Adding to the housing challenges faced by LGBTQ+ seniors is the fact that at different points in history, the LGBTQ+ community has often struggled to find housing. Transgender individuals are especially likely to face housing discrimination. The National Transgender Discrimination Survey found that many transgender New York City residents continue to struggle to find safe housing. A 2016 survey found that eight percent of transgender individuals reported having been evicted, 19 percent reported having been denied a home or apartment on at least one occasion, and 18 percent reporting being homeless as a result of their gender identity or expression at some point. Only 23 percent of transgender respondents reported owning their own homes, which is well below the city average of 31.9 percent.

Two senior residences for LGBTQ+ elders

In response to the unique housing challenges that have historically faced the LGBTQ+ community and, in some cases, continue to face the LGBTQ+ community, the city has now committed to building two residences for seniors.

The first residence, which will open its doors in September, is the Ingersoll Senior Residences. The 17-story residence is located at St. Edwards Street, just off Myrtle Avenue. As a Section 8 building, units will only be made available to individuals earning below 60 percent of area median income (AMI). In total, 30 percent of the units have been set aside for formerly homeless adults. On May 29, a lottery opened for the residence—it will remain open until 2000 applications are received.

In addition to offering safe and affordable housing to seniors, Ingersoll Senior Residences will offer a lot more, including a dining room that can be used to host larger events, a kitchen set up to deliver catered meals, storage area, and fitness area. The SAGE (Services and Advocacy for GLBT Elders) Center will also offer residents access to a computer center and library, and provide regular programming to seniors on topics ranging from health and wellness to technology and culture. BFC Partners is overseeing the Ingersoll development.
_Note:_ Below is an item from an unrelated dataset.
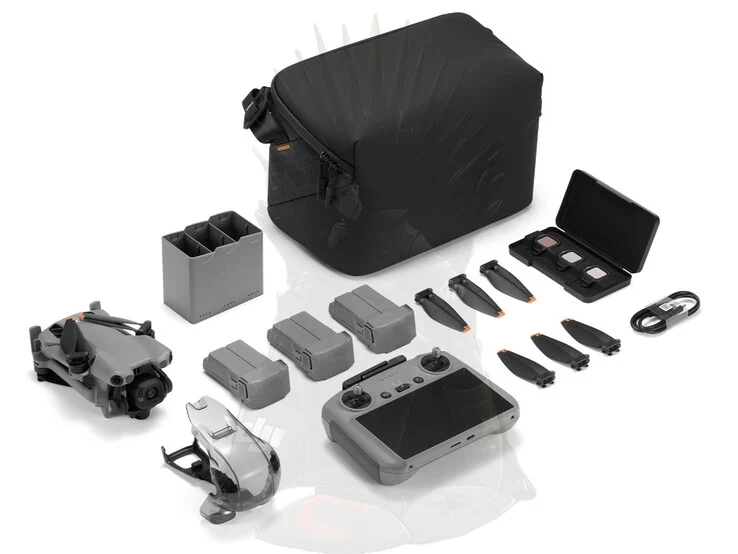 DJI Mini 5 Pro: Official Images of Fly More Combo Contents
In addition to the Ingersoll Senior Residences in Brooklyn, SAGE New York recently announced plans for a second residence located in the Bronx. The Crotona Senior Residences will be home to 83 units and include both studios and one-bedroom units (for more information on eligibility and application deadlines, which have not yet been posted, join SAGE mailing list).

New York City’s robust laws protecting LGBTQ+ tenants

Despite the ongoing housing struggles faced by some members of the LGBTQ+ community, New York City does have some of the most robust housing protections in the nation. The New York State Fair Housing Act makes it illegal to discriminate on the basis of a person’s race, familial status, color, national origin, religion, disability (physical or mental), or sex. The New York State Human Rights Law also makes it illegal to discriminate based on the basis of sexual orientation or marital status. In New York City, however, protections for the LGBTQ+ community are even broader. The New York City Human Rights Law prohibits discrimination, including housing discrimination, on the basis of several factors, including partnership status and gender identity.

There is hope that in the future a combination of legal protections and projects like the Ingersoll Seniors Residences and Crotona Senior Residences will ensure that fewer members of the LGBTQ+ community ever find themselves homeless or living in temporary or unstable housing situations, especially as they grow older.